The Pacific Symphony heads south Nov. 18 for the first of its “Sundays at Soka” series at Soka University’s Performing Arts Center.

The 3 p.m. performance features violinist Nigel Armstrong for Mozart’s Concerto Violin Concerto No. 5 in A major. The orchestra will also play Mozart’s Symphony No. 40 in G minor. Carl St.Clair will conduct.

The private university in Aliso Viejo has an acoustically impressive and intimate venue. The Pacific Symphony played at the grand opening for the 1,000-seat hall in September 2011.

Tickets start at $48. The hall is at 1 University Drive.

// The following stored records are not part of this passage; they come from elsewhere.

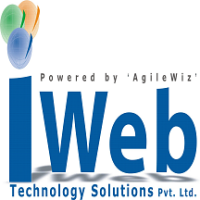 iWeb Technology Solutions Pvt Ltd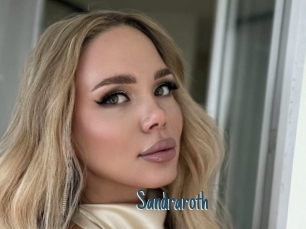 Sandraroth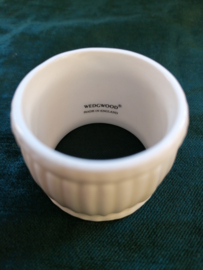 Wedgwood - Edme - servetring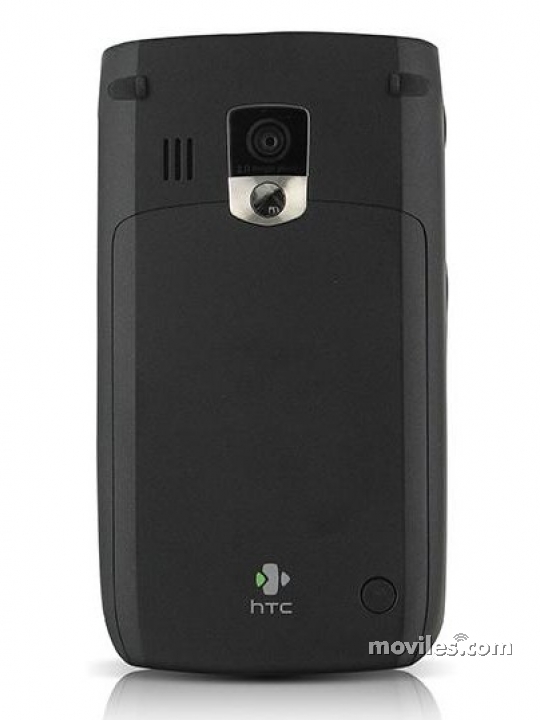 Imagen 2 HTC S630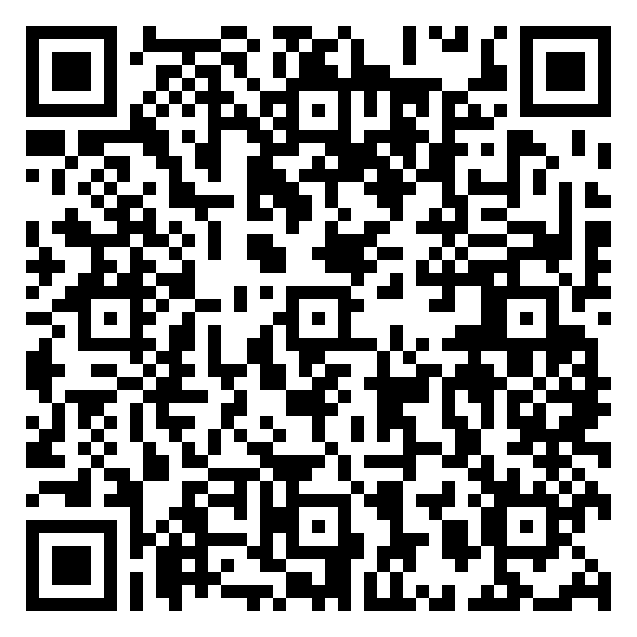 QR code 38824628100000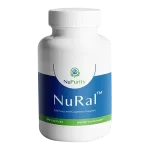 NuRal Review: Will It Improve Focus and Memory?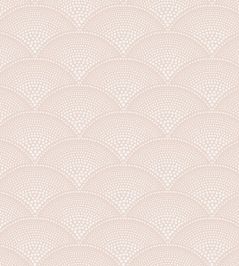 Feather Fan Wallpaper by Cole & Son 10035 Feather Fan Wallpaper by Cole & Son 10035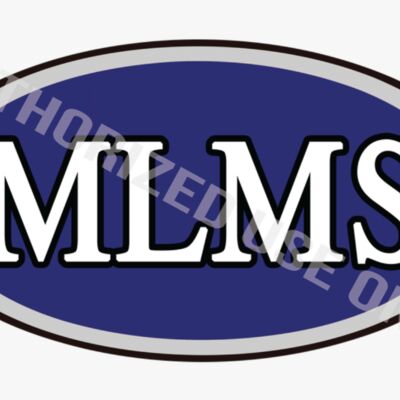 Mount Logan Middle School Logo Thumbnail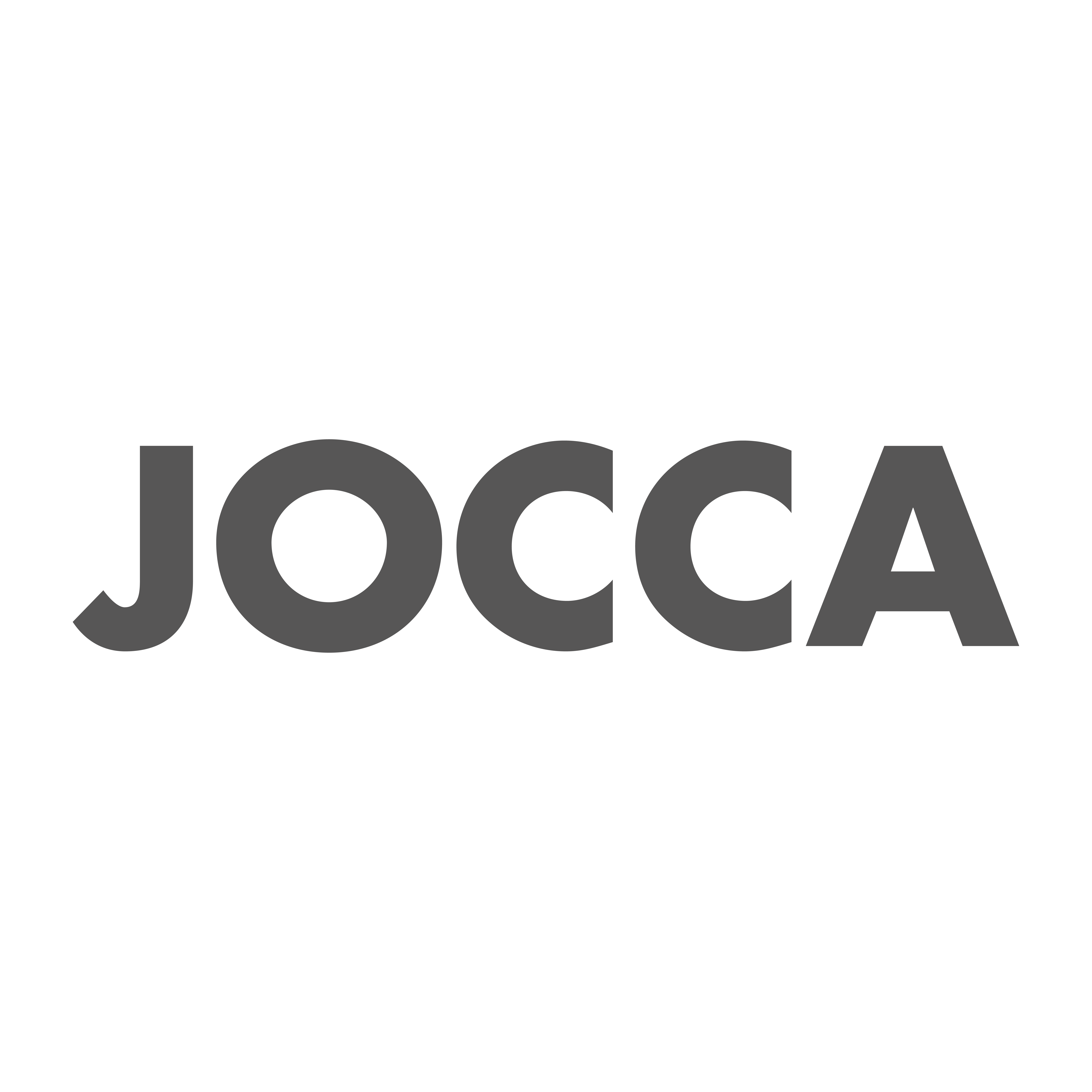 JOCCA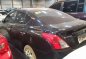 Nissan Almera 2017 for sale-4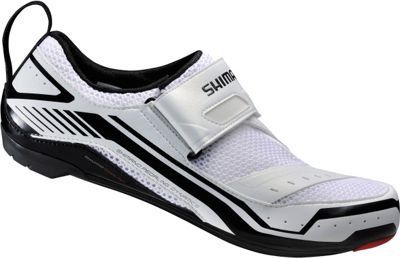 Shimano TR32 Triathlon Shoe 2015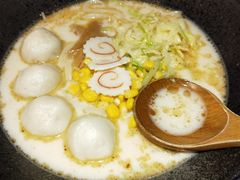 -小司的料理(新街口店)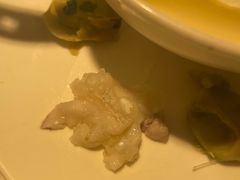 -徽州月·民间徽菜(浦东总店)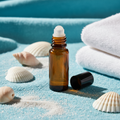 Ocean View Roller Ball Oil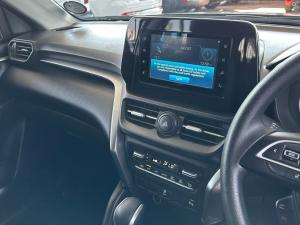 Toyota Urban Cruiser 1.5 XR auto - Image 18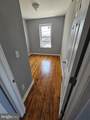 1135 Susquehanna Avenue - Photo 45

The Pacific Symphony Santiago Strings also performs 3 p.m. Nov. 17 at Concordia University in Irvine. Led by Irene Kroesen, the all-strings ensemble’s repertoire includes Saint-Saëns’ “Carnival of the Animals” and Handel’s “The Cuckoo and the Nightingale.” Admission is free.

The Pacific Symphony Youth Orchestra is having its fall concert Nov. 18 as well.

Set for 4 p.m. at Meng Hall on the Cal State Fullerton campus, it will include Rimsky-Korsakov’s “Capriccio Espagnol” and an original composition by James Taylor, a member of the Pacific Symphony’s French horn section.

Maxim Eshkenazy leads from the podium. Tickets are $12.